Australia's National Health and Medical Research Council (NHMRC) has recommended interim national indoor air quality goals3 for a number of common indoor air pollutants (see Appendix D and Table 6.3 below). In addition, various international bodies have recommended indoor air quality goal concentrations for specific pollutants, generally on a health-related basis.
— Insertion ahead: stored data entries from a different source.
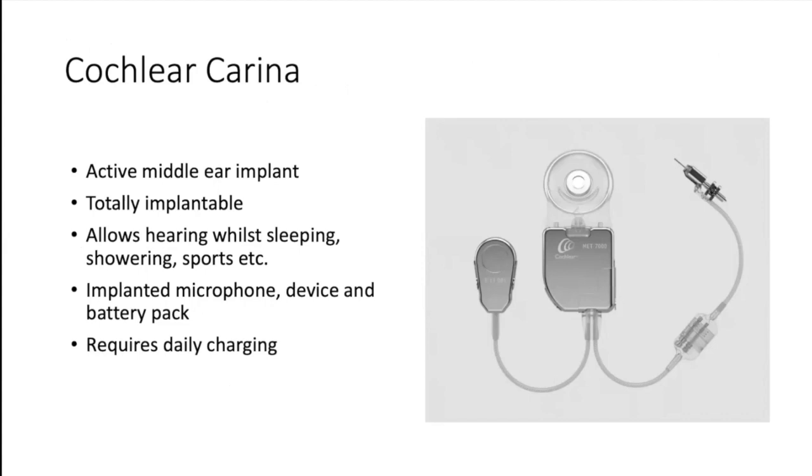Moving on to the Cochlear Carina device — this is an active middle ear implant which is totally implantable, meaning there's no outside part. This allows the patient to hear whilst sleeping, showering or doing sports. In Germany it's particularly used for lifeguards, swimmers, and people who want a totally implantable lifestyle option. In the UK with the NHS, it's difficult to justify that, so we haven't implanted very many so far, though a couple in Manchester have done very well.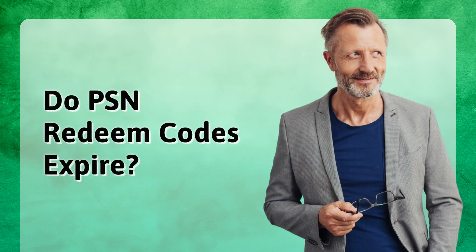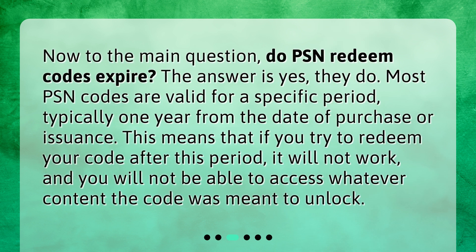Do PSN redeem codes expire? Now to the main question: do PSN redeem codes expire? The answer is yes, they do. Most PSN codes are valid for a specific period, typically one year from the date of purchase or issuance. This means that if you try to redeem your code after this period, it will not work, and you will not be able to access whatever content the code was meant to unlock.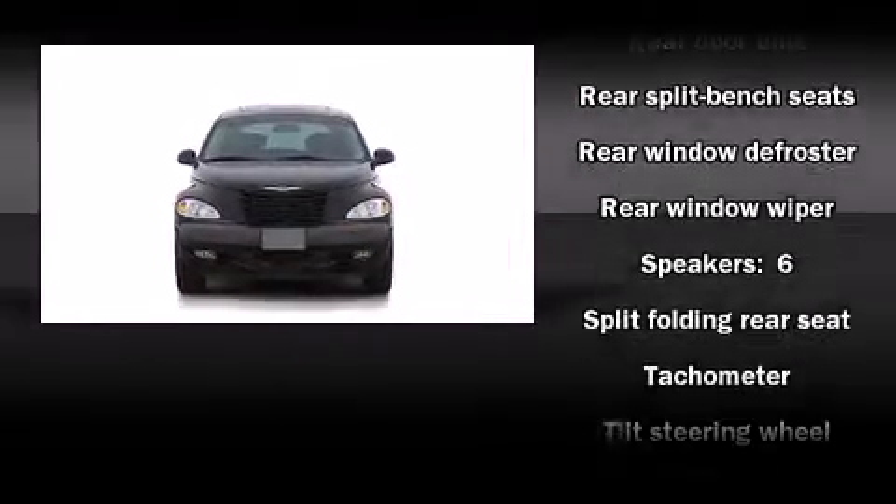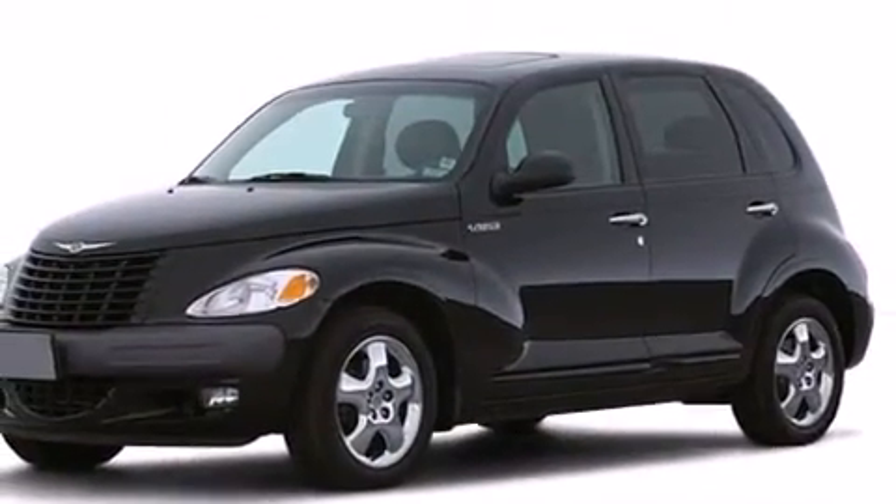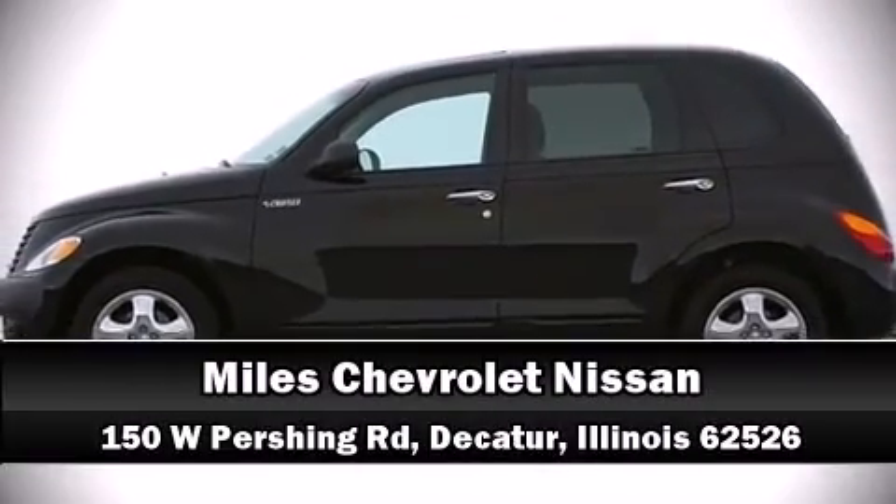Premium sound drives six speakers, providing you and your passengers a sensational audio experience. Stop by our dealership or give us a call for more information.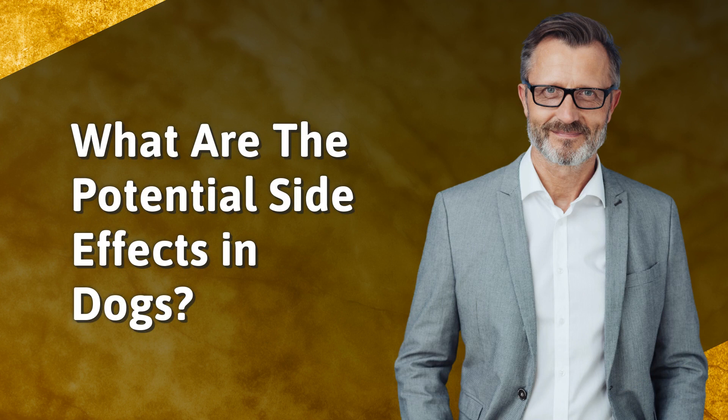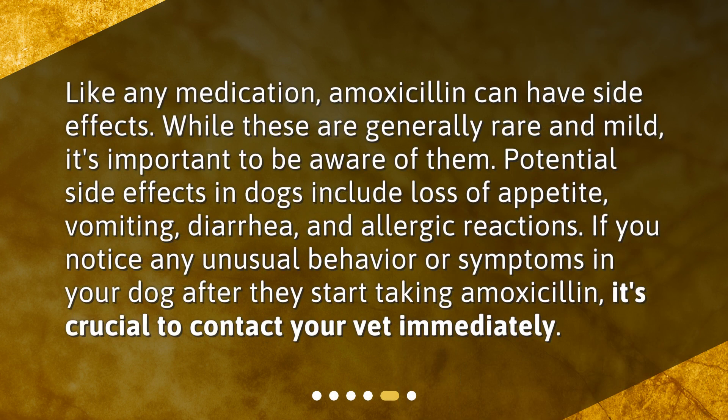What are the potential side effects in dogs? Like any medication, amoxicillin can have side effects. While these are generally rare and mild, it's important to be aware of them. Potential side effects in dogs include loss of appetite, vomiting, diarrhea, and allergic reactions. If you notice any unusual behavior or symptoms in your dog after they start taking amoxicillin, it's crucial to contact your vet immediately.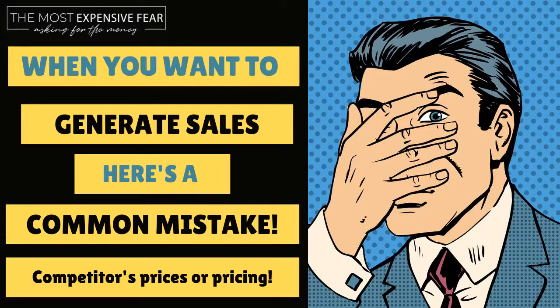When you want to generate sales, here's a common mistake a lot of product creators make: competitors' prices or pricing.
Table 6.4 summarises these and compares them with the goals determined by the NHMRC.
|Pollutant||Goals for maximum permissible levels of pollutants in aira||Measurement criteria||Comments|
|Carbon monoxide (CO)||10 000||9||8-hour average not to be exceeded more than once a year||This is not a threshold limit value|
|Formaldehydeb||120||0.1||Not to be exceeded||For dwellings and schools|
|Ozone||210||0.10||Maximum hourly average not to be exceeded more than once a year|
|170||0.08||Four hour average|
|Radonb||200 Bq/m3||–||Annual mean||Action level|
|Sulfur dioxide (SO2)||700||0.25||10-minute average||Levels may not be low enough to protect the most sensitive individuals|
|Total volatile organic compounds||500||–||Hourly average||A single compound shall not contribute more than 50% of the total|
a At 0° C and 101.3 kPa.
b Final NHMRC goals.
– = no goals set in those units
Source: NHMRC (1996).
|Indoor air pollutant||Goal concentrations (µg/m³ unless specified)|
|NHMRC3 (1993) (indoor)||Health and Welfare Canada (1987) (residential)||Norwegian Health Directorate (NHD) (1990)a (indoor)||WHO (1987)b (indoor)|
|Synthetic mineral fibres||–||–||No free fibres||–|
|Radon||200 Bq/m³ (1y)d||800Bq/m³ (1 year)||200–800 Bq/m³||Carcinogen|
|Environmental tobacco smoke||–||–||Prohibited||–|
|Respirable suspended particles||TSP90 (1 year)||PM100 (1 hour)||40 (8 hours)||100|
|House dust mite||–||–||1 g/g Der p 1e||–|
|Microbes||–||–||No pathogens or odour||–|
|VOC||TVOCs 500 (1 hour)d
VOC 250 (1 hour)d
|–||Irritants, TVOCs 400||Some VOCsc|
|Nitrogen dioxide||Review||480 (1h)||200 (1 hour)||400 (1 hour)|
|Carbon monoxide||9 ppm (8 hours)||11 ppm (8h)||9 ppm (8 hours)||9 ppm|
|Carbon dioxide||–||3500 ppm||1000 ppm (max)||1000 ppm|
|Ozone||240 (1 hour)||240 (1h)||–||150 (1 hour)|
|Sulfur dioxide||700 (1 hour)||1000 (5 min)||–||–|
|Lead||1.5 (3 months)||–||–||0.5–1.0|
|Mercury||–||–||–||1.0 (1 year)|
|Relative humidity (%)||–||30–80||–||–|
a Values averaged over 24 hours unless specified.
b Short-term exposure averages.
c 1,2 dichloroethane 700, dichloromethane 3000, styrene 800 (70 odour), tetrachloroethylene 5000, toluene 8000 (1000 odour).
d Final goals for radon and formaldehyde; level of concern for volatile organic compounds (VOCs) and total VOCs (TVOCs); other goals are interim goals using ambient air gas.
e Der p 1 is the allergen specific to Dermatophagoides pteronyssinus.
Bq = becquerel;
PM100 = particulate matter (less than 100 micrometres in diameter).
– = no goal set.
3 On 19 March 2002, the National Health and Medical Research Council rescinded its publication "Ambient Air Quality Goals and Interim National Indoor Air Quality Goals". The Council has made this publication available on its Internet Archives site as a service to the public for historical and research purposes only.
The publication is available at: http://www.nhmrc.gov.au/publications/synopses/eh23.htm
The Internet Archives site also contains the following statement made by the National Health and Medical Research Council:
Rescinded publications are publications that no longer represent the Council's position on the matters contained therein. This means that the Council no longer endorses, supports or approves these rescinded publications.